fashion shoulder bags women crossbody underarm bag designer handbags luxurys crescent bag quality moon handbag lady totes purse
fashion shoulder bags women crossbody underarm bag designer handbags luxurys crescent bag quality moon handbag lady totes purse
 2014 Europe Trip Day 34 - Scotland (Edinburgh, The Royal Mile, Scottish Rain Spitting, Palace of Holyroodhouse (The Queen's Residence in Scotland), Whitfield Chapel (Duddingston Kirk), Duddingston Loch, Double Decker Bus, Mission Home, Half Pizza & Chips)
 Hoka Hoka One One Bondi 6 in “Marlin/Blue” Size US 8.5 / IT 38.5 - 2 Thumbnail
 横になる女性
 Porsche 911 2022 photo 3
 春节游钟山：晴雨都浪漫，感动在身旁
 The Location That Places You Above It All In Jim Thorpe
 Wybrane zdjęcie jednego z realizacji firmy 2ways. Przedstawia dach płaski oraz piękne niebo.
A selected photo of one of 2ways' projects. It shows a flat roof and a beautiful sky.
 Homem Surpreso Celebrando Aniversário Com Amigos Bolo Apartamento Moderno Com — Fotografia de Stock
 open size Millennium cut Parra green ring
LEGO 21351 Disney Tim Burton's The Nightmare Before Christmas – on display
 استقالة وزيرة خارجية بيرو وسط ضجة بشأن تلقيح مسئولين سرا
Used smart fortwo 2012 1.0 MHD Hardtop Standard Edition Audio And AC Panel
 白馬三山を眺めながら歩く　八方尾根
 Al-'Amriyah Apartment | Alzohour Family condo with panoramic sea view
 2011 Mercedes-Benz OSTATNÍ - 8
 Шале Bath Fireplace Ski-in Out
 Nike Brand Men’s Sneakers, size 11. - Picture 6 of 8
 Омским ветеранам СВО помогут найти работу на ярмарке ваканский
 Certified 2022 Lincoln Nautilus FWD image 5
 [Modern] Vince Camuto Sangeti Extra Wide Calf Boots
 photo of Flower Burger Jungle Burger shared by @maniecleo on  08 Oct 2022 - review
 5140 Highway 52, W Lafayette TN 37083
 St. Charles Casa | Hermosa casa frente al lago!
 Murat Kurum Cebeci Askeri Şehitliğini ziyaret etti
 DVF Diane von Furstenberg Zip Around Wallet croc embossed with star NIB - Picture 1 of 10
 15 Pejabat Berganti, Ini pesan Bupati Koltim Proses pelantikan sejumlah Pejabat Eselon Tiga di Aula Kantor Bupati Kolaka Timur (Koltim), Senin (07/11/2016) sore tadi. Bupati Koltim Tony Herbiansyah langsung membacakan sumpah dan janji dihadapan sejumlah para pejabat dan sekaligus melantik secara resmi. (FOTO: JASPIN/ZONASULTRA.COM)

• EXERCISE INSTRUCTIONS
When the material above has been read, copy all of it exactly.

• RESULT BELOW
fashion shoulder bags women crossbody underarm bag designer handbags luxurys crescent bag quality moon handbag lady totes purse
fashion shoulder bags women crossbody underarm bag designer handbags luxurys crescent bag quality moon handbag lady totes purse
 2014 Europe Trip Day 34 - Scotland (Edinburgh, The Royal Mile, Scottish Rain Spitting, Palace of Holyroodhouse (The Queen's Residence in Scotland), Whitfield Chapel (Duddingston Kirk), Duddingston Loch, Double Decker Bus, Mission Home, Half Pizza & Chips)
 Hoka Hoka One One Bondi 6 in “Marlin/Blue” Size US 8.5 / IT 38.5 - 2 Thumbnail
 横になる女性
 Porsche 911 2022 photo 3
 春节游钟山：晴雨都浪漫，感动在身旁
 The Location That Places You Above It All In Jim Thorpe
 Wybrane zdjęcie jednego z realizacji firmy 2ways. Przedstawia dach płaski oraz piękne niebo.
A selected photo of one of 2ways' projects. It shows a flat roof and a beautiful sky.
 Homem Surpreso Celebrando Aniversário Com Amigos Bolo Apartamento Moderno Com — Fotografia de Stock
 open size Millennium cut Parra green ring
LEGO 21351 Disney Tim Burton's The Nightmare Before Christmas – on display
 استقالة وزيرة خارجية بيرو وسط ضجة بشأن تلقيح مسئولين سرا
Used smart fortwo 2012 1.0 MHD Hardtop Standard Edition Audio And AC Panel
 白馬三山を眺めながら歩く　八方尾根
 Al-'Amriyah Apartment | Alzohour Family condo with panoramic sea view
 2011 Mercedes-Benz OSTATNÍ - 8
 Шале Bath Fireplace Ski-in Out
 Nike Brand Men’s Sneakers, size 11. - Picture 6 of 8
 Омским ветеранам СВО помогут найти работу на ярмарке ваканский
 Certified 2022 Lincoln Nautilus FWD image 5
 [Modern] Vince Camuto Sangeti Extra Wide Calf Boots
 photo of Flower Burger Jungle Burger shared by @maniecleo on  08 Oct 2022 - review
 5140 Highway 52, W Lafayette TN 37083
 St. Charles Casa | Hermosa casa frente al lago!
 Murat Kurum Cebeci Askeri Şehitliğini ziyaret etti
 DVF Diane von Furstenberg Zip Around Wallet croc embossed with star NIB - Picture 1 of 10
 15 Pejabat Berganti, Ini pesan Bupati Koltim Proses pelantikan sejumlah Pejabat Eselon Tiga di Aula Kantor Bupati Kolaka Timur (Koltim), Senin (07/11/2016) sore tadi. Bupati Koltim Tony Herbiansyah langsung membacakan sumpah dan janji dihadapan sejumlah para pejabat dan sekaligus melantik secara resmi. (FOTO: JASPIN/ZONASULTRA.COM)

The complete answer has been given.